The huge masonry exterior dome -- all 50 million pounds of it -- also shifted in the quake by as much as three-quarters of an inch. The dome and the columns essentially were held in place by gravity, leaving them vulnerable to the rolling and shaking of seismic events. The work done in Phase One repaired much of the earthquake damage and reinforced the structural elements to withstand future shocks.
"From the ring beam -- the round slab at the base of the columns -- all of those vertical elements were basically stacked one on the other," Schaefer explains. "They were not affixed, not bolted. Now, we have tied all those vertical elements together."
Starting about 12 feet above the columns, workers drilled a four-inch core out of the center of each column, then inserted reinforcing steel and injected concrete. Metal pins and bolts tie the columns to the ring beam at the bottom and to the dome structure at the top.
"Actually, there are three domes," Schaefer explains. "The inner dome [visible from within the rotunda], the outer masonry dome, and a third one called the conical dome that's between the inner and the outer. The conical dome is a structural element; it supports the lantern [on top of the outer dome]. There's about 60 to 65 feet between the top of the inner dome and the top of the outer dome."
More than 60 tons of reinforcing steel were added to the dome and colonnade structures, along with concrete, epoxy and fiberglass to keep everything tight. Inside, workers erected scaffolding all the way to the top of the rotunda (185 feet above the floor) to repair damage to the domed ceiling and ornamental interior columns and plaster.
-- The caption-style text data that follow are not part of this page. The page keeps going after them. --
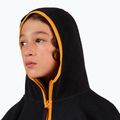 Gyerek anorák Rossignol Alltrack Anorak Fleece black 6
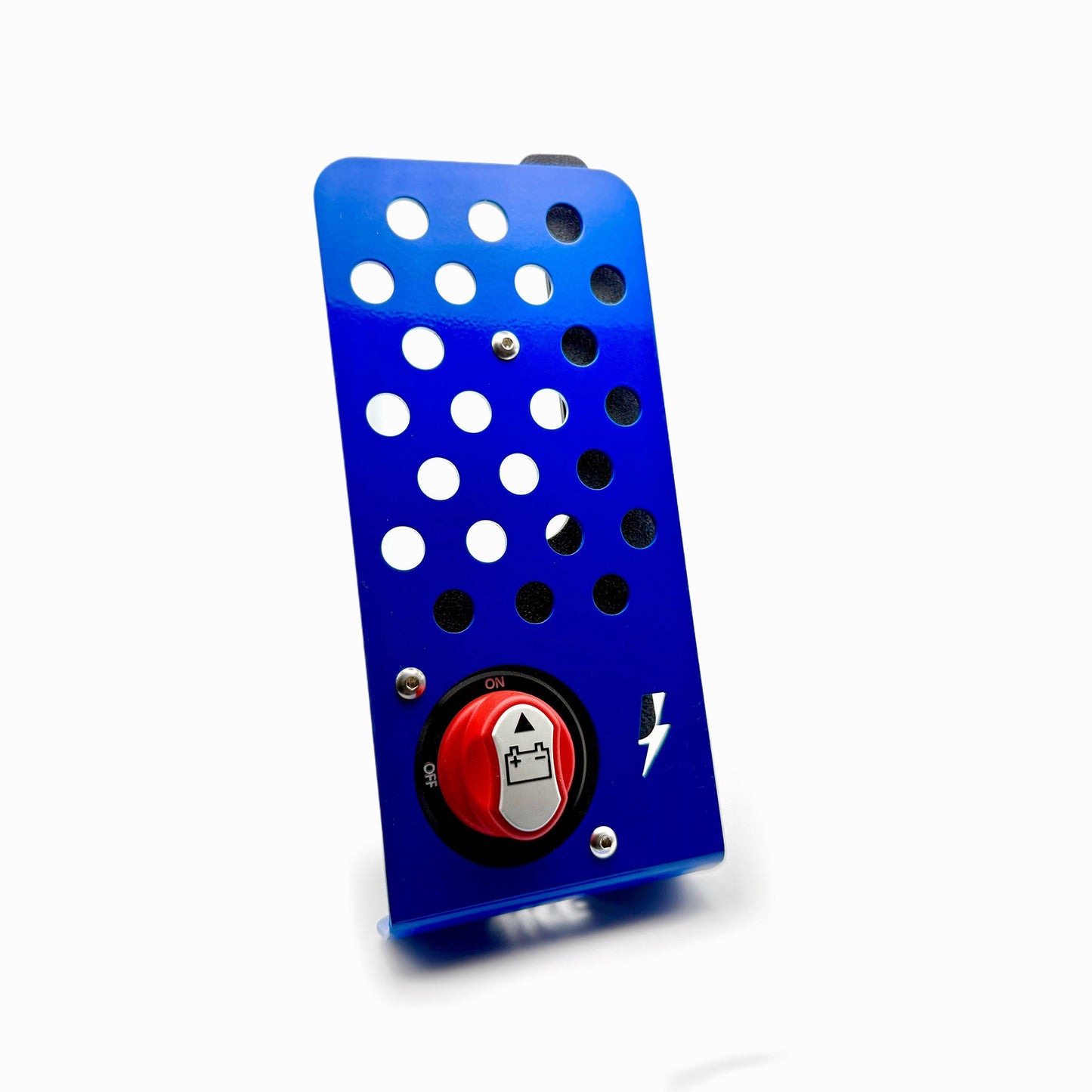 HCE 51 / 51R Battery Hold-Down and Disconnect S2000 Integra Civic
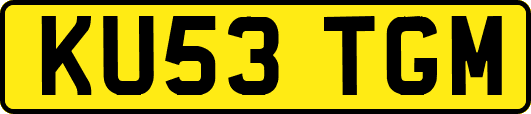 KU53TGM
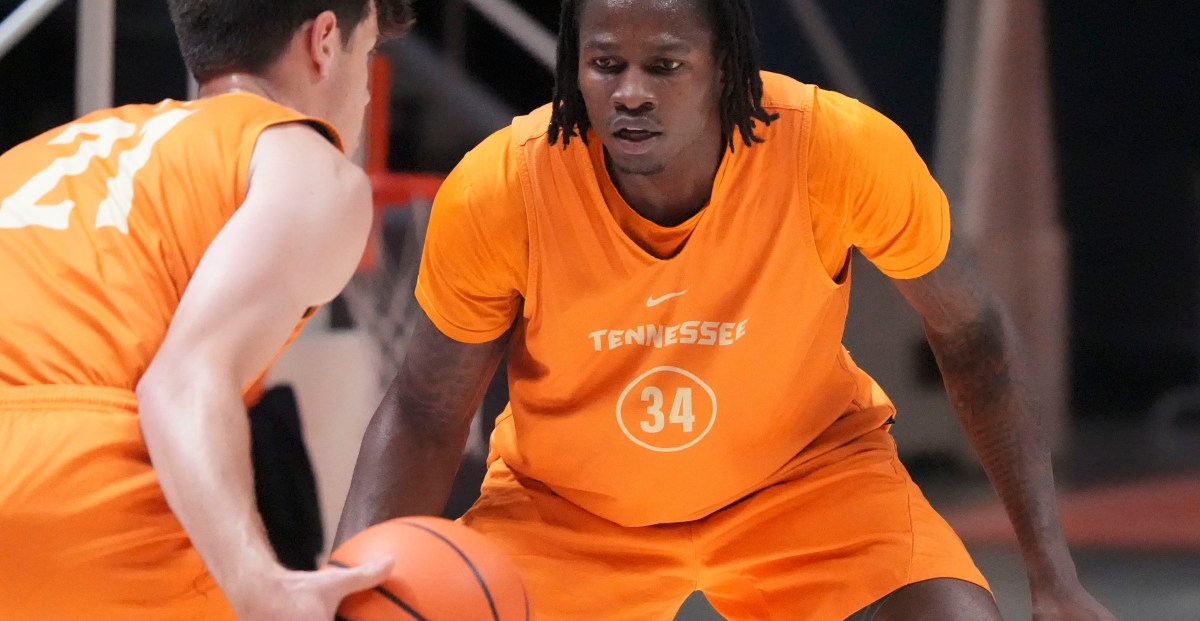 Bracketology: Where Tennessee sits in Lunardi’s preseason projection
Outside, at the very top of the dome, stone workers repaired the smaller masonry columns of the lantern. The lantern was damaged in the 1949 earthquake as well, but much of the original stonework remains. Keith Phillips, a stonemason from Tenino, carved new capitals to replace those broken in 2001.
"They reused much of the original stone [in 1949]," Schaefer says. "You can see how this has been repaired. It's just beautiful craftsmanship throughout."
Because the building is listed on the National Register of Historic Places and because federal funds were used for earthquake repair, all work must meet the standards of the Secretary of the Interior for a historic rehabilitation. The central effort of Phase Two is to upgrade the internal systems of the building -- plumbing, electrical, data, heating, air conditioning -- to 21st-century standards while retaining historic character and integrity. The process has much in common with modern surgical techniques, though writ very large.
"All of the conduits and all of the ductwork are being replaced in the building," says Schaefer. "All of the plumbing, all of the electrical has to be all new, and it has to go back in the same confines. The ductwork that's going in is a lot more substantial than what was there, so we're utilizing vertical masonry chases."
A sprinkler system is being added, he says, along with changes to make the building more accessible. "We will not be totally ADA-compliant, because there were some restrictions we couldn't overcome. But there will be a large measure of accessibility added. We're making it a lot more friendly."
Concurrently, the contractors are repairing earthquake damage to interior walls in the offices and public spaces of the building's four main floors. Some of the original plaster cracked, but only plaster that has separated from the underlying masonry may be removed.
"We found out which areas of the plaster were de-laminated by literally going around and tapping on it," says Schaefer. "Where it was hollow, we mapped it out. Our challenge now is to replace what's damaged and make it look like nothing's changed."
Construction is scheduled to be complete in November 2004 so the tenants can settle into their refurbished digs before the start of the legislative session in January 2005.